De kosteloze service is een gewaagde stap voor een grote retailer, vond ook Mariëlle Rooswinkel, manager marketing, communicatie en formule bij Karwei. In plaats van dat je een nieuwe boor verkoopt, repareer je gratis een exemplaar dat al jaren ligt te verstoffen in de schuur van je klant. En toch zette ze samen met haar team door. De eerste resultaten laten een positief beeld zien: Karwei bedient met de service een volledig nieuwe klantgroep die eerder niet bij de bouwmarkt op de radar was. “Ik heb die ochtend vol verbazing zitten kijken waar mensen mee binnenkwamen”, Rooswinkel lacht bij de herinnering aan de kick-off van de Reparatiestudio in Barendrecht. “Volle steekkarren, met magnetrons tot scheerapparaten. Het was een drukte van jewelste: mensen moest zich intekenen om hun eigendommen te laten repareren. Ik had je nooit durven vertellen dat dít de uitkomst was.”

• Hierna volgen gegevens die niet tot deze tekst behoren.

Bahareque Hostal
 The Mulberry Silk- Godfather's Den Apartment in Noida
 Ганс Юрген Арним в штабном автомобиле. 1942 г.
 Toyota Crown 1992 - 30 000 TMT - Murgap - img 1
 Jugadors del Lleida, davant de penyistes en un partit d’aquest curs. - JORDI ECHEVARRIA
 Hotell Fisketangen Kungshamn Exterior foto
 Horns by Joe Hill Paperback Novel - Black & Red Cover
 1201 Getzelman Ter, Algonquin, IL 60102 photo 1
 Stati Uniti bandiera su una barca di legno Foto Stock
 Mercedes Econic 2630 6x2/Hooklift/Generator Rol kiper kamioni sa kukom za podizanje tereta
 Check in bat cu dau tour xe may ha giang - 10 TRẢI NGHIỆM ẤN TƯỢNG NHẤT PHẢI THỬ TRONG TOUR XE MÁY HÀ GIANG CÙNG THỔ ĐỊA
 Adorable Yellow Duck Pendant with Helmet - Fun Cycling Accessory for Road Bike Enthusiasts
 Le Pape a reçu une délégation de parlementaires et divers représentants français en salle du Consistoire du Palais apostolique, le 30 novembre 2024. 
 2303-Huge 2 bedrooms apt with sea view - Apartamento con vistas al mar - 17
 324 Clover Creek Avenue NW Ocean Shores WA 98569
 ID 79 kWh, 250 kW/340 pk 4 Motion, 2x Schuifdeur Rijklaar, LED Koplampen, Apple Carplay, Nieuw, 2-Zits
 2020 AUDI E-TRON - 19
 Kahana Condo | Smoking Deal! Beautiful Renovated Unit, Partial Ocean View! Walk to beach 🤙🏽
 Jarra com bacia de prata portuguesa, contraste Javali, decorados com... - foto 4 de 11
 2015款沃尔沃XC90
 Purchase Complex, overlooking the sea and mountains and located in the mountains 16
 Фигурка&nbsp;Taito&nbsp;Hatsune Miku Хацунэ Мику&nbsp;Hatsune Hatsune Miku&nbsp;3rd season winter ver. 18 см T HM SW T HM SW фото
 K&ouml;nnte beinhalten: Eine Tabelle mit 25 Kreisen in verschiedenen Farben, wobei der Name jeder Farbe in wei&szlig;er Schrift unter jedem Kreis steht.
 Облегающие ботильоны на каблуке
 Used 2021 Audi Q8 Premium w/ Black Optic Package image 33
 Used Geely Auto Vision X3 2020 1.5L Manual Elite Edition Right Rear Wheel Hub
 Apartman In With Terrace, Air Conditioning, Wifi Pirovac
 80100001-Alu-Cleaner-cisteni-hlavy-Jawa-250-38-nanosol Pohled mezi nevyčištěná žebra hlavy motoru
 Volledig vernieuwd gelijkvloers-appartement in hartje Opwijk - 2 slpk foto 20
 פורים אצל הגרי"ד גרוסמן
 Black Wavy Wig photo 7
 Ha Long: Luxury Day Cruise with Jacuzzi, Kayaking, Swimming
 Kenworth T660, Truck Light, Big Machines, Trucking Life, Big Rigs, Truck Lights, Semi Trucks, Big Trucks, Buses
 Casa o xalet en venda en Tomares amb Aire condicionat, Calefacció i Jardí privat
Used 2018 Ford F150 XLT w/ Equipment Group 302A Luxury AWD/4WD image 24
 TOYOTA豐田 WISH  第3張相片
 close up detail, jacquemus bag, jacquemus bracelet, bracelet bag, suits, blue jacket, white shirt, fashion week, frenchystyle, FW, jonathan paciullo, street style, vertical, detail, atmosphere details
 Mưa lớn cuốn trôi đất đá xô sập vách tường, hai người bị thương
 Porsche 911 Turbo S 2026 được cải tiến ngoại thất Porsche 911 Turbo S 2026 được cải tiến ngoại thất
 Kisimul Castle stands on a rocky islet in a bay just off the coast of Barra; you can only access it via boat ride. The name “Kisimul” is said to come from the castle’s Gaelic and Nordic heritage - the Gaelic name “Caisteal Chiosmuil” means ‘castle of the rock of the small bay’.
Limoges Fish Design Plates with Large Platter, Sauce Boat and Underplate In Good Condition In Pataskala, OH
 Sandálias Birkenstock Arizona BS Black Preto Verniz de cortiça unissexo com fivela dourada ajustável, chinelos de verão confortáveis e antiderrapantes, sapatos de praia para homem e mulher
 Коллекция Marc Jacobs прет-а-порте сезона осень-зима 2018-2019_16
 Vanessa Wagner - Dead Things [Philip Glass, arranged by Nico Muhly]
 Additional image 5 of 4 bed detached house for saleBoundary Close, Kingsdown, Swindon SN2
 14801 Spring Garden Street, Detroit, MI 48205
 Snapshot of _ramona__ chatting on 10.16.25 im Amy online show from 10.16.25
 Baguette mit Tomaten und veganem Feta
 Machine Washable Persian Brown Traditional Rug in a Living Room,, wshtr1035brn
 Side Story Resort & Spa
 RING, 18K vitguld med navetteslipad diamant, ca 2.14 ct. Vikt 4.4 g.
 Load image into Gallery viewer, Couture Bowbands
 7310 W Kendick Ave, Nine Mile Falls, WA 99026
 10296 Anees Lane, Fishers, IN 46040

Precies daarom: vijf lessen van de duurzaamheidsreis van Karwei.
1. Maak spannende keuzes
“Tijdens corona begonnen we met een upcycle campagne: we riepen klanten op om oude materialen nieuw leven in te blazen. Hartstikke spannend: in plaats van onze eigen meubels te verkopen, stimuleerden we klanten om het oude kastje in de schuur op te knappen. Daar kwamen gelukkig veel positieve reacties op binnen.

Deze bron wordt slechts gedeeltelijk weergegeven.